The orchestra continued in those uncertain years leading up to the war and it appears that Henry Lyell-Taylor (1872-1967) replaced Verbrugghen as conductor for a short time prior to 1914. Taylor was a Queen’s Hall violinist who also conducted at Buxton. He became Director of Music at Brighton in 1914 and conductor of the Durban Municipal Orchestra, South Africa in 1924. The Durban orchestra had 30 players, all recruited from England. Three years later Taylor was appointed Music Director for African Consolidated Theatres Ltd. in Johannesburg, remaining there for most of his professional life.
 
From April to September entertainment in Colwyn Bay seems to have been a thriving business as apart from the orchestral concerts there were numerous other events one could attend. Squire Day & Company offered a novelty repertoire programme every afternoon in the pavilion from 3.00 to 4.45 and again in the Public Hall four nights a week including Saturdays. The company comprised male and female singers, comedians, pianists, banjoist, dancer and whistler. Throughout the day one could find small concert parties and entertainers on the promenade too. In the years leading up to the First World War, Catlin’s Pierrots and Harry Reynolds’ Minstrels were regular attractions.
 
Between 1914 and 1918 music on the pier gave way to pantomimes, music hall and events of a light-hearted nature in order to entertain the wounded troops billeted in the town. In 1917 the Bijou Theatre was built at the opposite end of the pier to the pavilion and it was there that entertainment of a lighter type continued when peace was resumed and the pavilion returned to performances of a high artistic standard which had been enjoyed prior to the outbreak of war.
 
However, one disastrous night in 1922 the pavilion was destroyed by fire and after having purchased the pier, Colwyn Bay Urban District Council undertook all structural restoration and built a new pavilion which opened in July 1923, the total cost of restoration being £45,000.
 
W. Yates Gregory was appointed entertainments manager and music continued from a municipal orchestra with Thomas H. Morrison as its conductor. He was one of the best known orchestral leaders in the country at that time. He had been leader of the Queen’s Hall Orchestra in London at the age of 20 and subsequently leader of the Covent Garden Opera Orchestra at the invitation of Hans Richter. Prior to his appointment at Colwyn Bay he had been leader of the Buxton Spa Orchestra playing alongside accomplished musicians Leon Goossens (oboe) and Frank Gomez (clarinet) who eventually became conductor of the Whitby Spa Orchestra in the 1930s.
 

Morrison’s other appointments in 1923 included the leadership of the 2ZY Orchestra at Manchester’s first radio station. There were twelve players in all - mainly Hallé members, but staying in Manchester, Morrison later became conductor of the newly formed BBC Northern Orchestra (35 players) in 1934.
 
Morrison established himself and his ten piece municipal orchestra at Colwyn Bay’s new pavilion providing music for a wide audience and special Sunday concerts were arranged which usually included a singer.
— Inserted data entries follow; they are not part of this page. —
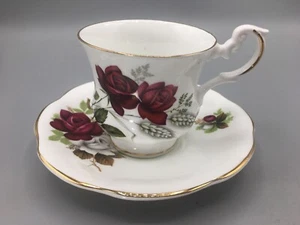Royal Dover Bone China Red Roses Teacup & Saucer Floral England Vintage - Picture 1 of 19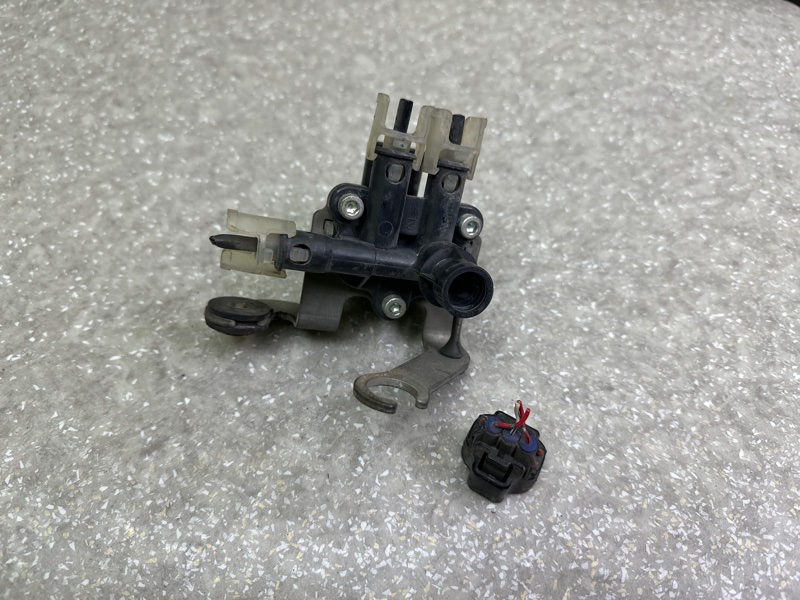 Клапан пневмоподвески передний LS430 00-06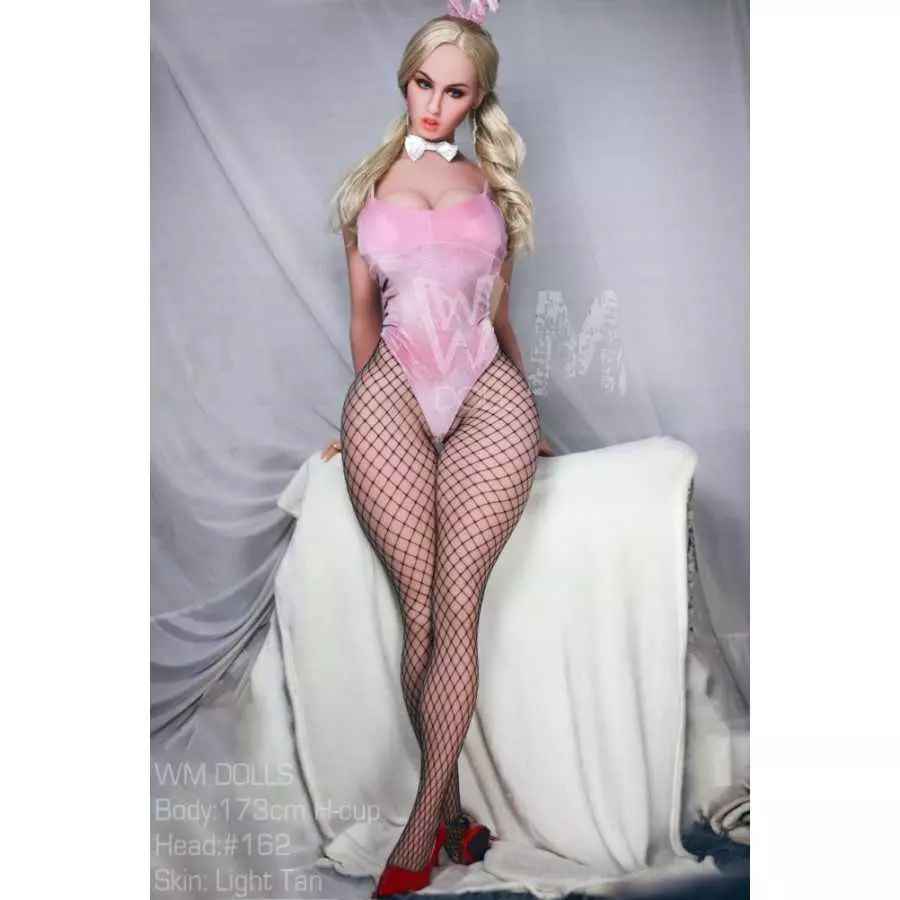 Kathleen 173cm Playboy Bunny (5ft8)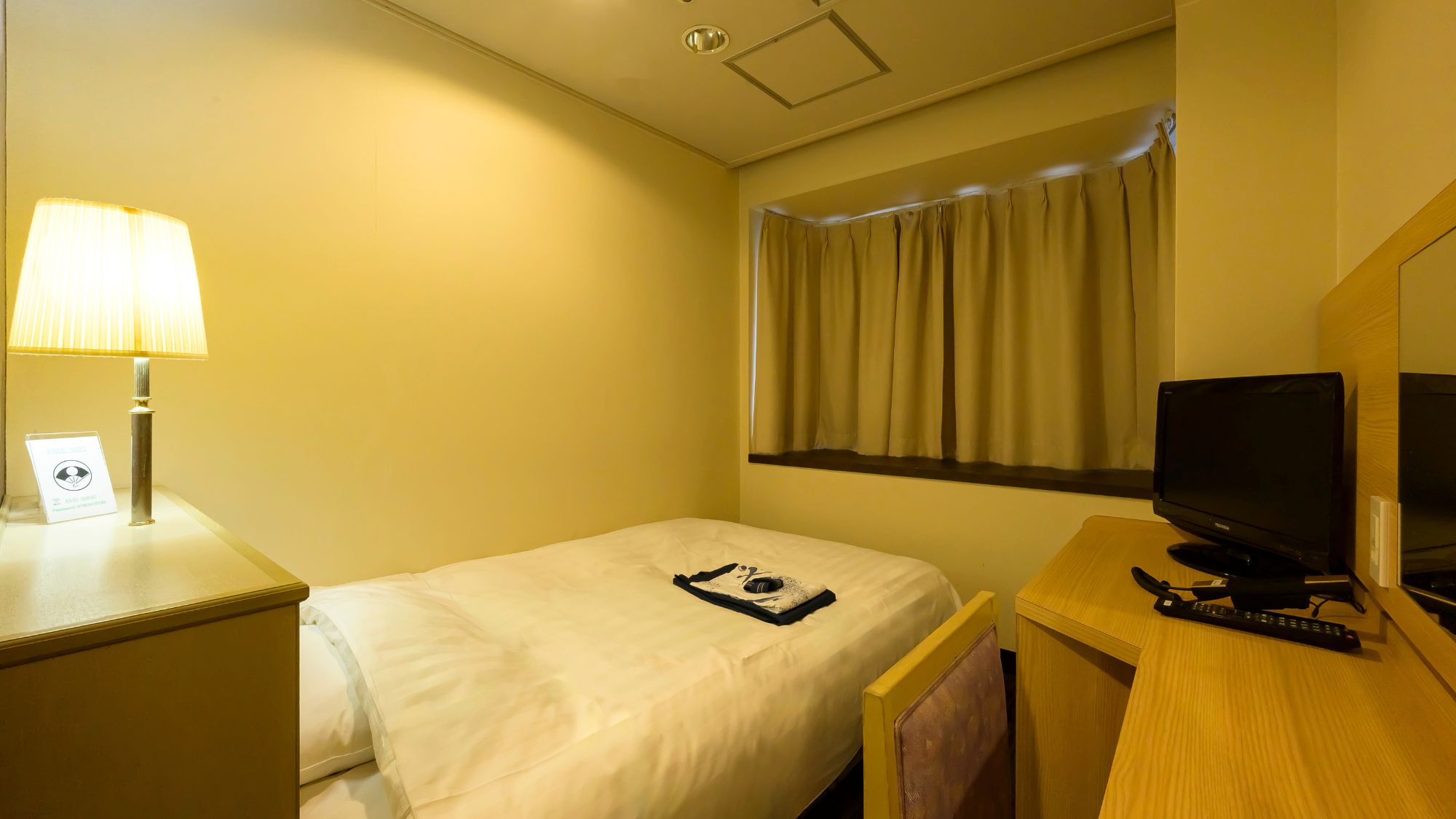 【セミダブルルーム】お仕事や一人旅などにおすすめのコンパクトなお部屋です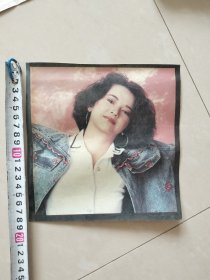 40开明星海报:胡慧中（覆膜）（买其它的可以赠送这张）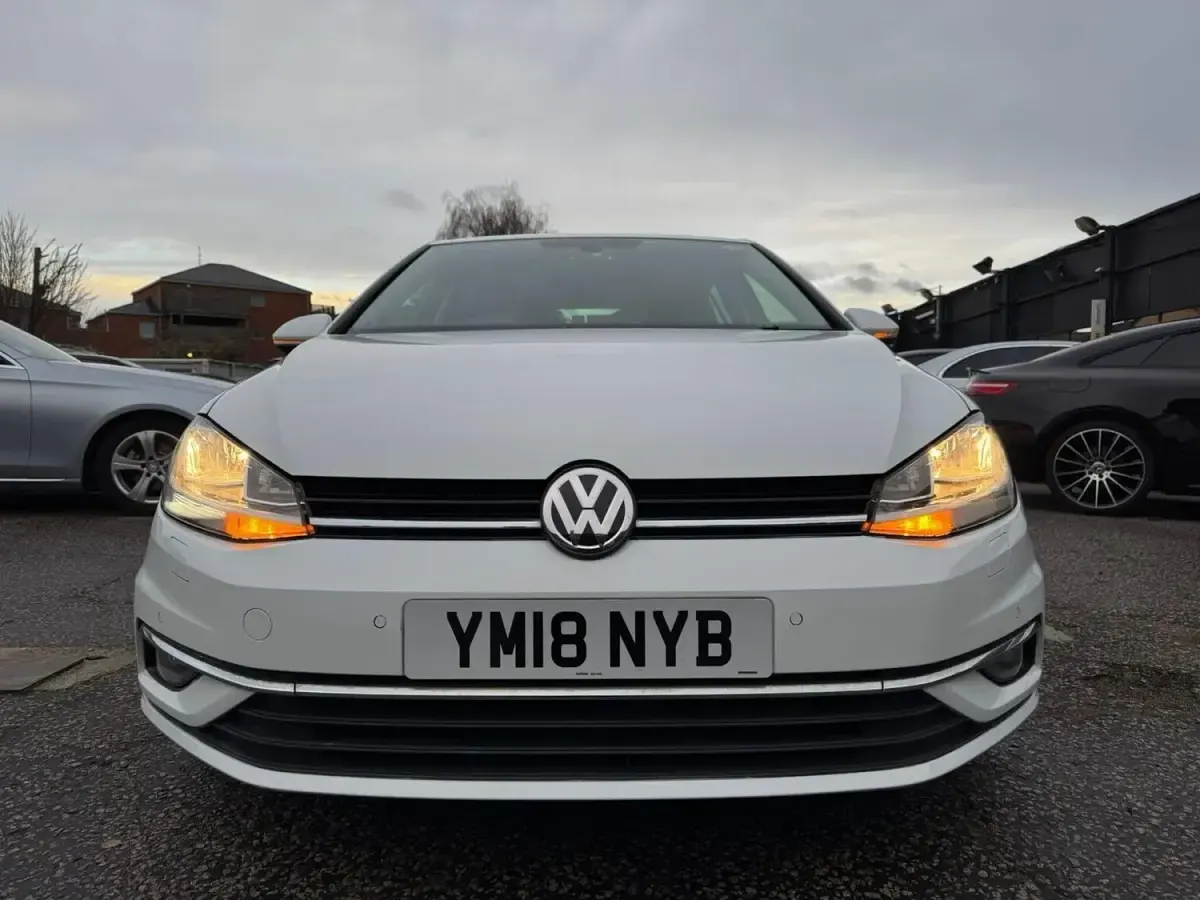 Używany VW Golf VII GT 150 KM (110 kW) 2018 Biały Hatchback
It seems that every effort was being made to provide music and artists of a high standard. A celebrity concert on Sunday, 17 August 1924 for example, included performances from Joseph Hislop (1884-1977), the Scottish born tenor, who was one of the finest of his era. He was the first British tenor to sing a leading role at La Scala, Milan and a critic in Musical Opinion proposed him as the natural successor to Caruso. Hislop sang nearly thirty different operatic roles and counted Jussi Björling and Birgit Nilsson among his pupils, but in 1937, after singing in a run of 380 performances of Edward German’s Merrie England, he retired from the stage with a badly damaged voice.
 
Although singers appeared most often as soloists at the pavilion, there was still the odd instrumental performance. Algernon Lacey gave a piccolo solo, L’Oiseau Blue at W. Yates Gregory’s Annual Benefit Concert on 18 September 1930 with the Colwyn Bay Municipal Orchestra under the direction of its new conductor, Fred Stock.
 
A new departure the following year brought a performance of Handel’s oratorio Judas Maccabaeus, for which the municipal orchestra was enlarged. It is interesting to note that local players, W. M. Tipping (flute) from Llandudno and W. E. Beaverstock (flute) from Penmaenmawr, were drafted in for this purpose. However, the orchestra at this time had no more than about ten players and programmes were usually light.
 
In 1932, after only a relatively short life, the second pavilion burnt down and later that year, the Bijou Theatre suffered the same fate. The causes of the fires were never established and once again, the council found itself financing the building of a third pavilion which opened on 18 May 1933.
 
Music in Colwyn Bay had reached a point of no return. There would be no more symphony concerts or international soloists. From 1933 a variety of summer shows, including the popular No, No, Nanette (1937) would be the staple fare, although a small ensemble continued throughout the 1940s with James Kershaw as musical director. By 1954 however, Kershaw was at Worthing doing the same thing with an octet which was occasionally augmented with amateur players to provide symphony concerts.
 
Reginald Stead, who had previously played violin under Frank Gomez at Whitby also led the municipal ensemble of ten players at about this time. He had become a Hallé member in the 1930s and from 1945-1971 he was a very able leader of the BBC Northern Orchestra. BBC conductor, Edward Downes much later stated that Stead was “one of the finest leaders in the country and could play all the solos beautifully”.
 
Nevertheless, it was now the shows that people came to see rather than the municipal ensemble, even though the latter still provided the musical accompaniment. The shows ran until 1958, when due to falling numbers in the audiences, the pavilion was closed.
 
Frank Needham, a string player engaged for some of those shows in the 1950s much later remembered that “accommodation for musicians playing a summer season was always a problem. As no subsistence allowance was paid and all the usual expenses back home had to be covered, it was necessary for a musician to keep costs down to a minimum”. He went on to relate that on one occasion a fellow musician spent nothing at all on accommodation for the first few weeks of a summer season at Colwyn Bay. “He slept in the bandroom at the end of the pier until the rest of the orchestra objected to his washing hanging up to dry coupled with the lack of a bathroom, so he spent the next few nights in promenade shelters. When the police moved him on he finally found lodgings but before the end of the season he had married the landlady’s daughter and so had free accommodation once again as a member of the family”.
 
A five piece band struggled on into the early 1960s but in 1968 the Council disbanded the orchestra as it was costing over £300 a week to maintain. The pier was sold and that effectively ended orchestral music in Colwyn Bay. The Town Band remained the only music-makers in Colwyn Bay but it too disbanded in 1988 after 125 years of music making. The pier is still standing but now sadly neglected through lack of funds for restoration.